Türk Müzeciliğinin Doğuşu

Paylaş

Müze kavramının kökeni Antik Yunan dünyasına dayanmaktadır. Grekçede “mouseion” kelimesi, Yunan mitolojisinde baş tanrı Zeus ile Mnemosyne’nin kızları olan mousalar(ilham perileri) için adanan tapınak anlamına gelir. Bu terim, sanat ve bilimle uğraşılan yerleri de ifade eder. “Mouseion” kelimesi Latinceye “museum” olarak geçmiş ve günümüzde İngilizcede ve Almancada “museum”, Fransızcada ise “musée” olarak kullanılmaktadır.

Müzelerin mekânsal bir kavram olarak ortaya çıkmasıyla birlikte farklı tanımlamalar yapılmıştır. Kültür Varlıkları ve Müzeler Genel Müdürlüğü internet sitesinde müze şu şekilde tanımlanmıştır: “Toplumun hizmetinde olan ve onun gelişimi için çalışan, insanlığın somut ve somut olmayan kültürel mirası ile çevresini tanıması ve sahiplenmesi amacıyla ilmi yöntemlerle açığa çıkaran, inceleyen, değerlendiren, koleksiyonlar oluşturan, koruyan, tanıtan, sürekli ve geçici olarak sergileyen, eğiten, kültürel ve sanatsal zevkini ile dünya görüşünü geliştirmesinde etkili olan, kamuya açık, kâr amacı gütmeyen daimi kuruluştur.” Bu tanımlamalar modern müzeler için geçerli olsa da, müzeciliğe benzer faaliyetlerin insanlığın en eski dönemlerinden beri var olduğu söylenebilir. Yeni Taş Çağı’nda(Neolitik Çağ) insanların atalarından kalan nesneleri saklamaya başladıkları görülmektedir. Ayrıca bu dönemlerde bazı bireylerin statü elde edebilmek için nesneleri ele geçirip muhafaza etme çabaları, ilkel bir müzecilik anlayışının oluşmasına zemin hazırlamıştır. Eski Çağ medeniyetlerinin, mağlup ettikleri devletlere ait önemli tanrı heykellerini kendi ülkelerine götürmesi de bu anlayışın bir parçasıdır.
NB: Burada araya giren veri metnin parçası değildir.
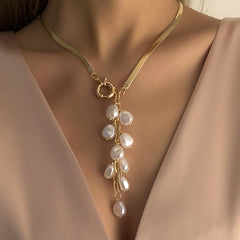 Elegant Faux Pearl Pendant Necklace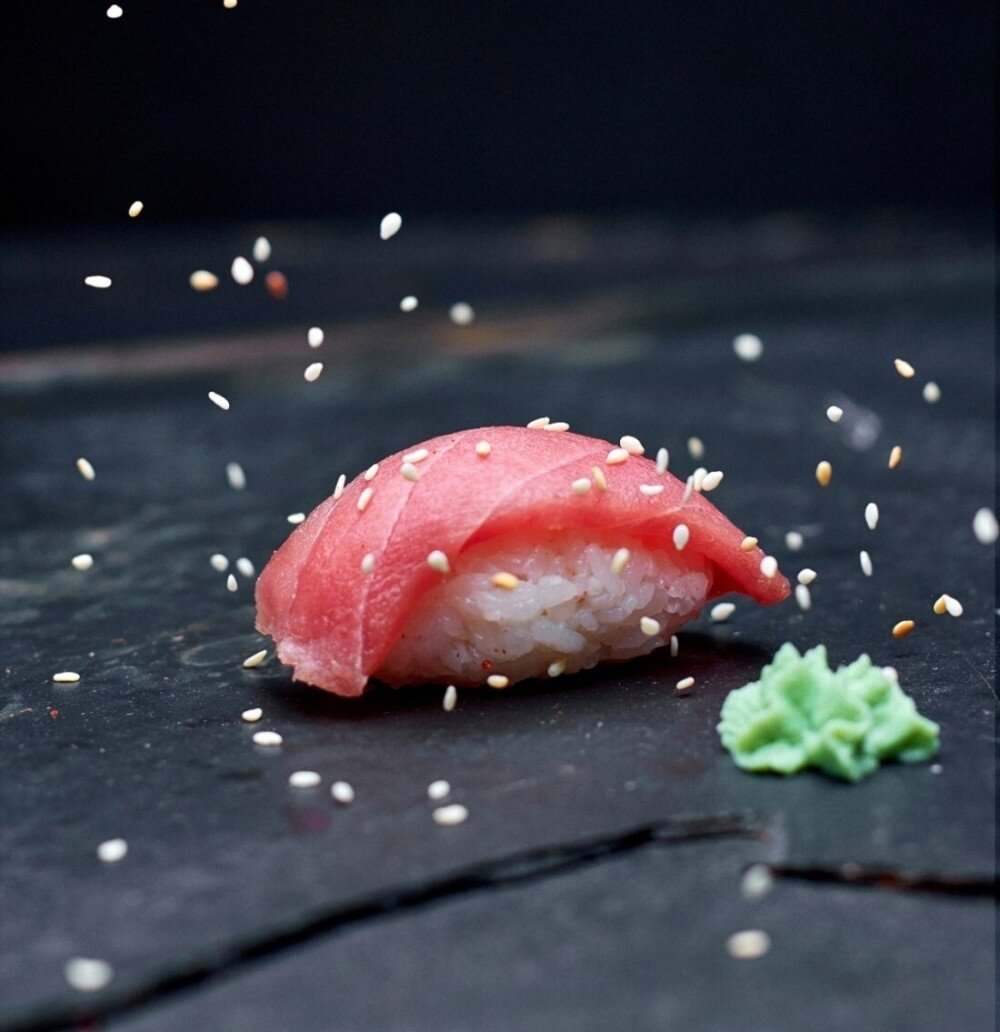 Суши с тунцом 1 шт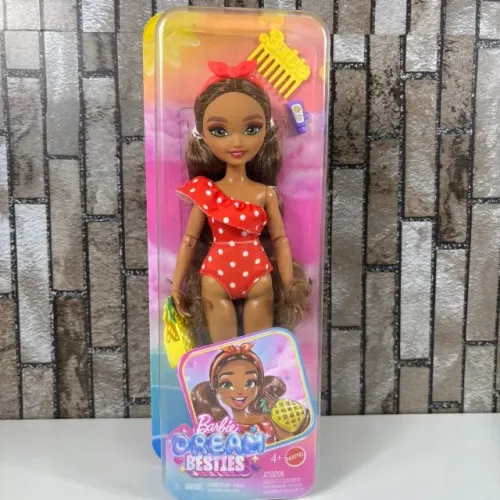 Boneca Barbie Dream Besties Teresa de Praia - Mattel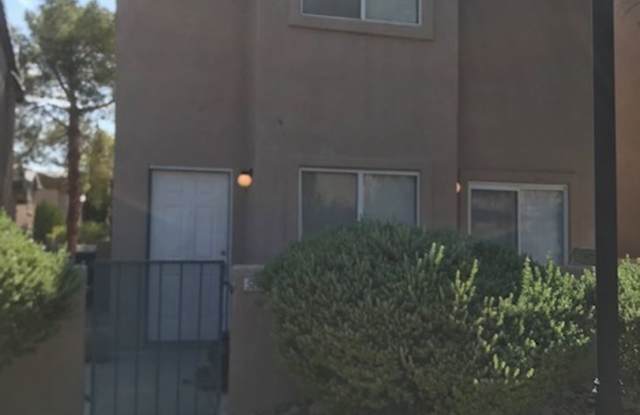 3 Bedroom located in Gated Community!! photos photos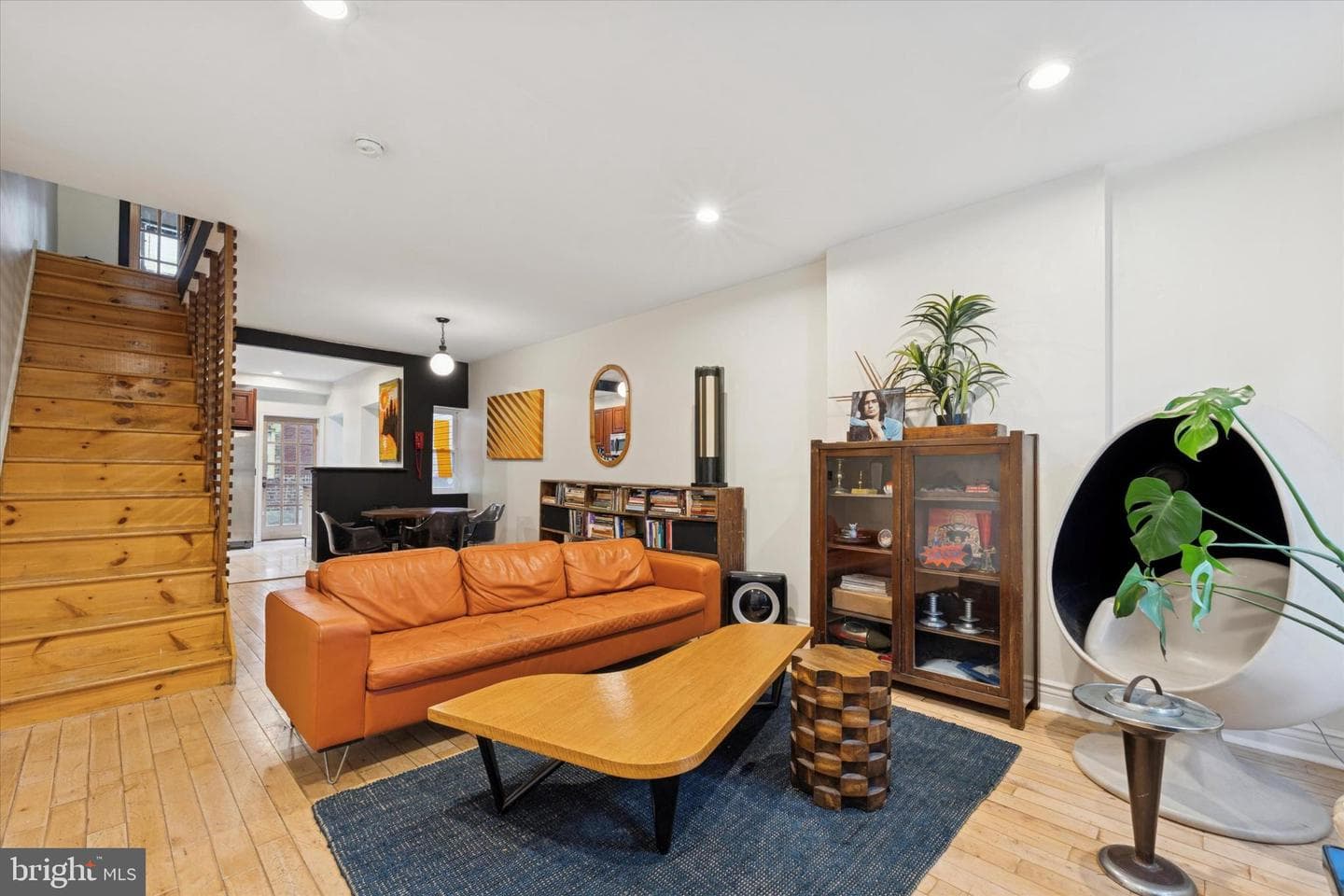 2540 Collins Street photo 2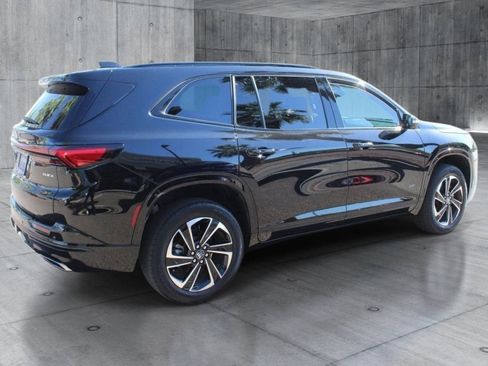 Used 2025 Buick Enclave Sport Touring FWD image 5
Balbal-238x300 Türk Müzeciliğinin Doğuşu
Balbal, Kırgızistan.

Türklerde müzeciliğin ortaya çıkışına değinmeden önce, eski dönemlerdeki koruma anlayışına da değinmek önemlidir. Türk müzeciliğinin kökenlerini Türkistan’da aramak yerinde olacaktır; çünkü Türklerin çok eski dönemlerden beri atalarından kalan eserlere önem verdiği bilinmektedir. Atalarının hatıralarını yaşatmak isteyen Türkler, balbal adı verilen mezar taşlarına atalarının suretlerini kazımış ve bu alanları dönem dönem ziyaret etmişlerdir. İslamiyeti kabul eden Türkler de atalarının hatıralarını yaşatabilmek adına kümbetler ve türbeler inşa etmiş, bu alanları belirli aralıklarla ziyaret etmişlerdir. Tüm bunlar, ilk müzecilik faaliyetleri olarak değerlendirilebilir.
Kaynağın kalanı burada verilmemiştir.